TEXTING HINDERS HUMAN INTERACTIONS

We all know having a cell phone has essentially become a necessity of our time. However, some of us fail to differentiate between practical use of a cell phone, and continuous compulsive cell phone usage.

I get it. Today’s technology has gifted us with the opportunity to view anything but the current planetary alignment, like photos taken from last night’s party; all of which are right there at the swipe of a finger. But, those who are seduced by the vortex of cellphones often miss out on the vibrant world that has so much to offer.

Many miss out on real life social interactions or relationships because they were too fascinated by the launching of angry birds.

Everywhere you turn, people are missing out on first hand experiences, in exchange for electronic simulations. For example, most people pay a decent amount of money to attend sporting events and wind up spending the duration of the event engaged in the use of their cell phone by taking pictures, tweeting and texting.

The same goes for class. Take a look around your classroom during a lecture and I can guarantee you won’t have trouble finding someone who has given up there in-class experience in order to sustain interactions with their phone.

I fail to see the point of enrolling in a lecture-based class, if you devote its entirety to using your cell phone.

Today’s increasing abnormal obsession with cell phones has even proved itself deviant enough to infringe upon social norms.

There is nothing like making plans to get together with a friend, and then have them looking at their cell phone the entire time. I’m sorry, I thought you wanted to hang out and hold a conversation with me, not your phone. My mistake.

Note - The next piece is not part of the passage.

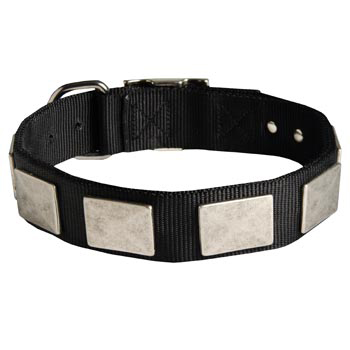   Amstaff Collar Nickel Vintage with Plates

When did blatantly ignoring someone and failing to engage in a meaningful conversation become socially acceptable? Perhaps those falling guilty of these rude and disrespectful tendencies should reconsider and examine our culture’s social norms.

Denis Mahoney,a junior psychology major, and Jake Milette, a sophomore music major, cross the street together while having their full attention, not on their surroundings, but on their cell phones. Emily Wiegand photo.
Denis Mahoney,a junior psychology major, and Jake Milette, a sophomore music major, cross the street together while having their full attention, not on their surroundings, but on their cell phones. Emily Wiegand photo.

What about walking and texting? You laugh, but the sad thing is that people are imposing dangers upon themselves and others. There have been numerous incidents where pedestrians are hit by cars, and authorities speculate whether or not it was caused by carelessly walking into traffic, while looking down at their phone.

I think it’s safe to assume I can skip the lecture about the dangers of texting and driving, right?

If you’re someone who finds themselves engaging in these activities, perhaps it’s time you ask yourself how much of your life you’re allowing your cell phone to allocate.

The possession and usage of a cell phone is vitally essential. However, as educated human beings we are capable of reserving our interactions with the world, the precious time of those we interact with, as well as the safety and well being of ourselves and others, with the exclusion of cell phone use.